I was discharged home to recover with industrial strength anti biotics and pain killers. I was also going to need my wound cleaned, packed and dressed daily. Over 3 weeks later and I am still having to see the nurses daily and still on anti biotics with very little improvement but that is mainly due to the steroids I have been on so long.

The whole surgical experience has been really quite something. It was good in that I felt really well cared for and had everything explained to me. I had many moments of feeling apprehensive, scared, lost as I was not in control of my what was happening. I also didnt know what they were talking about sometimes. The drugs being given to me were different but I felt and still feel really well cared for.

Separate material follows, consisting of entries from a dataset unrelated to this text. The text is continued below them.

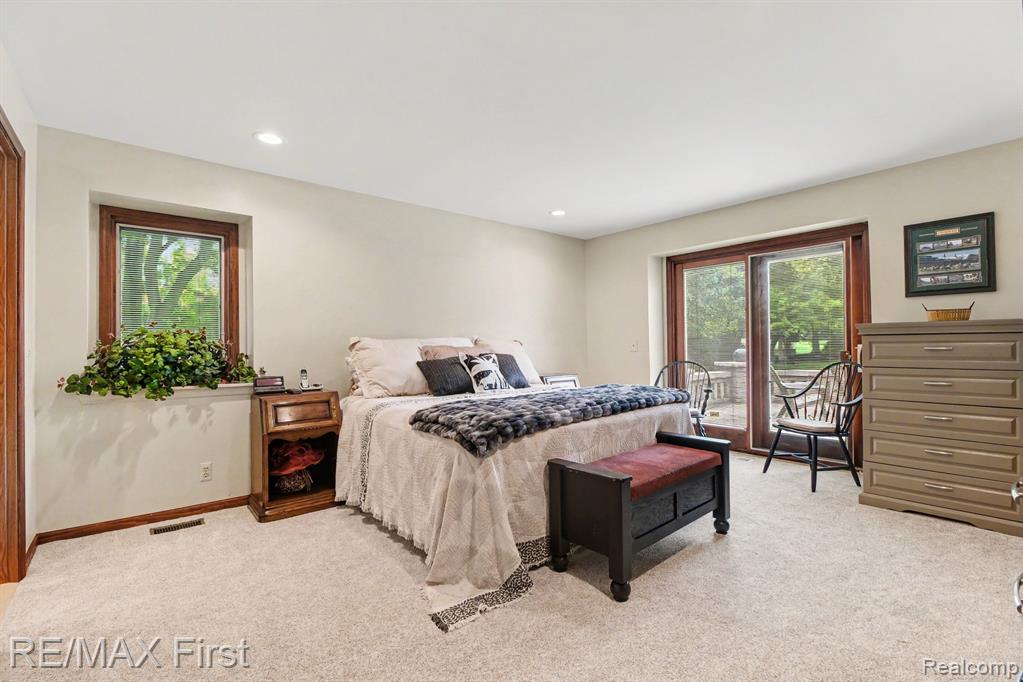 601 Brookwood Lane E, Rochester Hills, MI 48309 — Photo 17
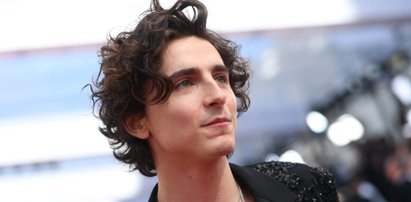 Aktor Timothée Chalamet na ustach wszystkich po Oscarach 2022. Zapomniał założyć ważnego elementu stroju! 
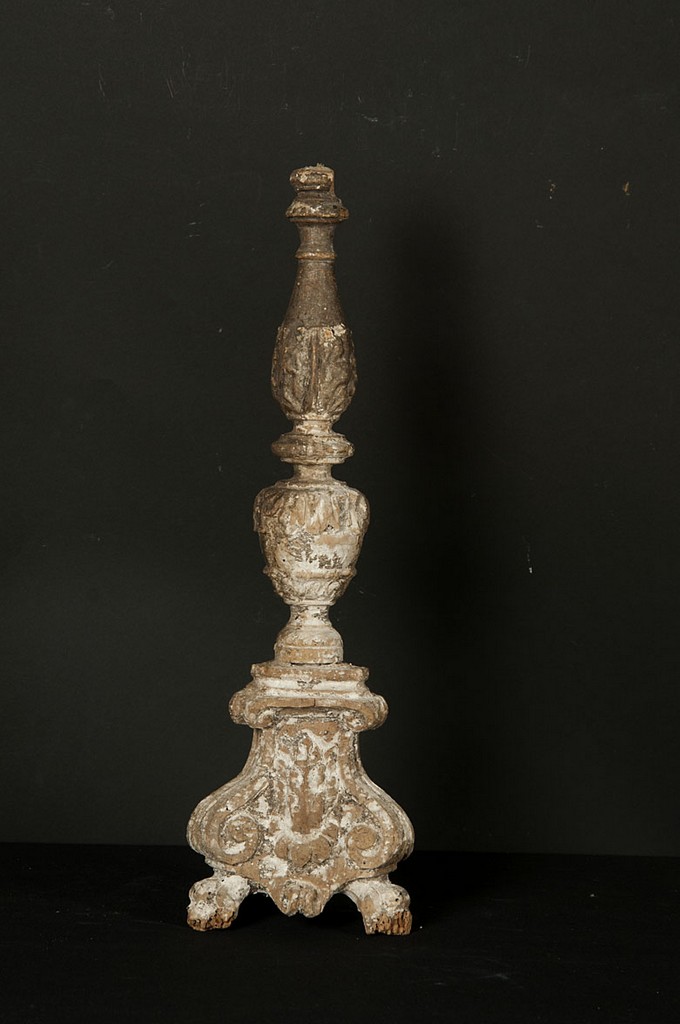 soggetto assente (candeliere, frammento) - bottega Italia centrale (sec. XVIII)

It is going to be a long road to recovery but this experience has highlighted to me how quite shockingly I have normalised being in hospital with my asthma. I don’t want you to think I like going into hospital with asthma or that is it not scary because it is and each time I go through a rollercoaster of emotions and have to fight often the biggest fights of my life to get through attacks but when this is all happening my surroundings are familiar and the processes are the same. I think this has almost been the hardest thing to mentally recover from.

I now vow to fight and continue to raise awareness of how serious severe asthma is and that more needs to be done to understand it, and more importantly manage it to prevent so many hospitalisations. I wish this hiccup and operation never happened but I am glad in a way as it has just highlighted to me even more just what asthma has done to me.